Delilah looked at him sidelong. “Doesn’t matter. Roy was busy as all get-out and didn’t want to take any fuss from Margaret, so he just said, ‘You want your peas? Here’re your goddamn peas.’ And he threw the pot of them at her.”
Delilah scraped her onions into a bucket. “He didn’t hit her or anything. It was just a temper he was in. But I guess it was too much for Margaret.” She handed Jack another onion to chop. “Doctor said her heart was like a bomb ticking in her chest and that it would have given out even if she hadn’t been fighting with Roy. I say a heart stopped that day, sure, but I’m thinking it was his. Everyone knows he blames himself for what happened.”
Jack thought of what it would be like to go through life knowing that the last conversation you had with your wife involved throwing a cast-iron pot at her. “All it takes is a second and your whole life can get turned upside down,” he agreed.
“Mighty profound from a dishwasher.” Delilah tilted her head. “Where’d you come from, anyway?”
Jack’s hand slipped and the knife sliced across the tip of his finger. Blood welled at the seam, and he lifted his hand before he could contaminate the food.
Delilah fussed over him, handing him a clean rag to stop the bleeding and insisting he hold the wound under running water. “It’s nothing,” Jack said. He brought his fingertip to his mouth, sucking. “Must’ve been hard on Addie.”
“Huh? Oh, you mean her mom dying. Actually, it gave her something to throw herself into, after Chloe.” Delilah looked up. “You do know about Chloe?”
Jack had heard Addie speaking to Chloe in the tender, idiomatic language of a mother. “Her daughter, right? I haven’t met her yet, but I figured she was around here somewhere.”
“Chloe was Addie’s little girl. She died when she was ten. Just about ruined Addie—she spent two years holed up in her house, nothing but her own upset for company. Until her mom passed and it was up to her to take care of Roy and the diner.”
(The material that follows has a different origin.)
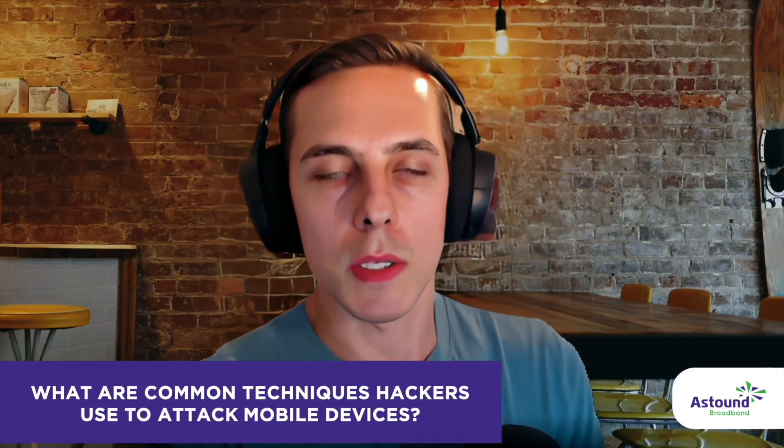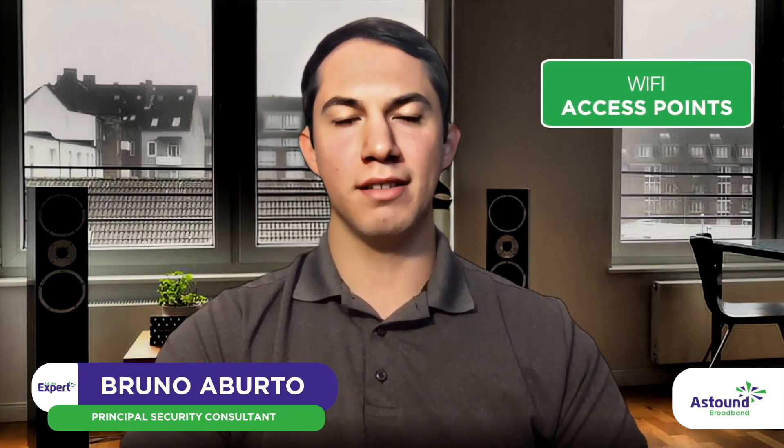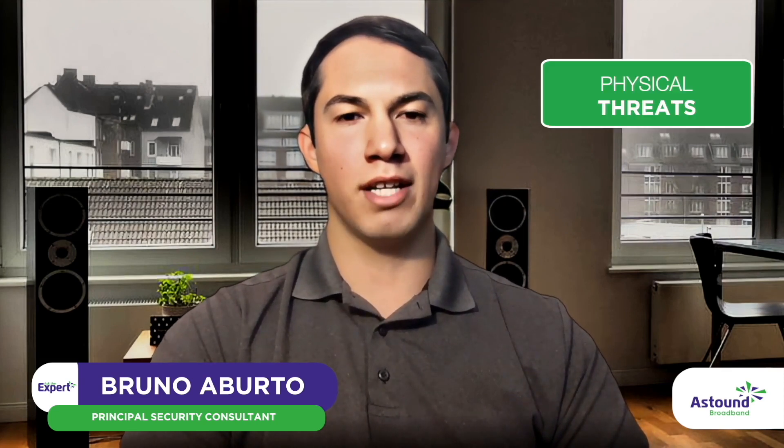One of the most common techniques bad guys use to hack into mobile devices would be creating fake Wi-Fi access points in public areas. When you connect to that access point, they're collecting your personal information. There's also the physical threat of someone stealing your phone directly while you're out in public.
Jack pressed the cloth against his cut so hard he could feel his pulse. He thought about the p
late he’d stolen fries from today, heaped with food no one had touched. He thought of all the times he’d heard Addie talking to a girl who didn’t exist. “But—”
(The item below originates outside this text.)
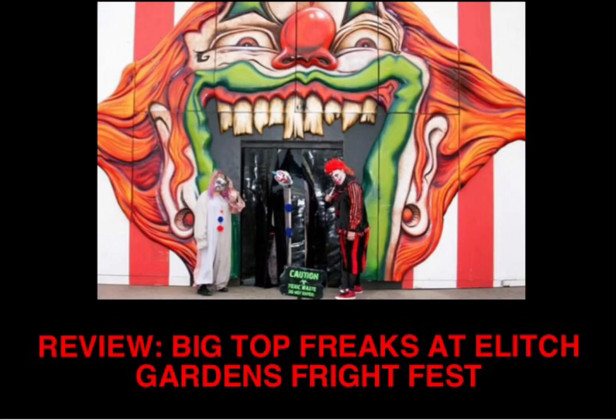Hello everyone and welcome to my first haunted house review, and really my first real review in general. Today I will be reviewing Big Top Freaks, a clown-themed haunted house which is one of the three haunted houses at Elitch Gardens Fright Fest. On October 6th, which at the time of this video being made was yesterday, I had the opportunity to go through this haunted house for the first time, so these were my first impressions of the house and everything in there was completely new to me. In this video I will be discussing the experience of going through this attraction, some of my favorite moments and scares, things I liked, things I didn't like, and my overall thoughts and rating.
Delilah held up a hand. “I know. Most people around here think Addie’s gone off the deep end.”
“You don’t?”
The cook chewed on her lower lip for a moment, staring at Jack’s bandaged hand. “I think,” she said finally, “that all of us have got our ghosts.”
Before shutting off the grill and leaving with Darla, Delilah had made Jack a burger. He was sitting on the stool next to Chloe’s now, watching Addie close up. She moved from table to table like a bumblebee, refilling the sugar containers and the ketchup bottles, keeping time to the tune of a commercial on the overhead TV.
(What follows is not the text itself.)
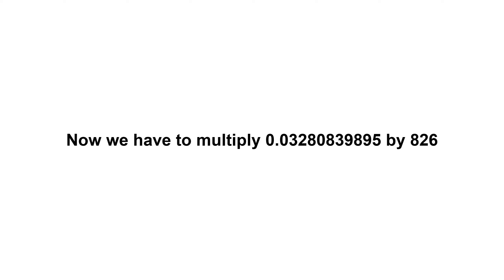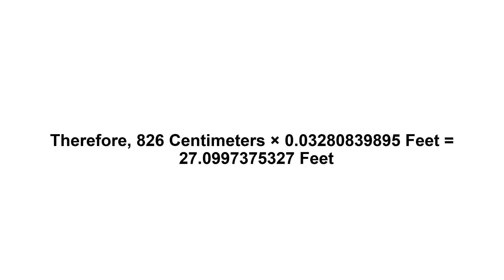Now we have to multiply 0.03280839895 by 826. Therefore, 826 centimeters times 0.03280839895 feet equals 27.0997375327 feet.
She’d come back from her dinner engagement silent and disturbed—so much so that at first Jack was certain she knew about him. But as he watched her attack her job with a near frenzy, he realized that she was only being penitent, as if she had to work twice as hard to make up for taking a few hours off.
Jack lifted the burger to his mouth and took a bite. Addie was now hard at work on the salt shakers, mixing the contents with rice so that the salt grains wouldn’t stick. On the television, the Jeopardy! theme music swelled through the speakers. Without intending to, Jack found himself sitting higher in his seat. Alex Trebek walked onto the stage in his natty suit and greeted the three contestants, then pointed to the board, where the computerized jingle heralded the first round’s categories.
A method of working this metal was not mastered until 1500 B.C.
“What is iron?” Jack said.
A contestant on the television rang in. “What is iron?” the woman repeated.
“That’s correct!” Alex Trebek answered.
Addie looked up at Jack, then at the TV, and smiled. “Jeopardy! fan?”
Jack shrugged. “I guess.”
In the 1950s, this Modesto, CA, company became the first winery with its own bottle-making plant.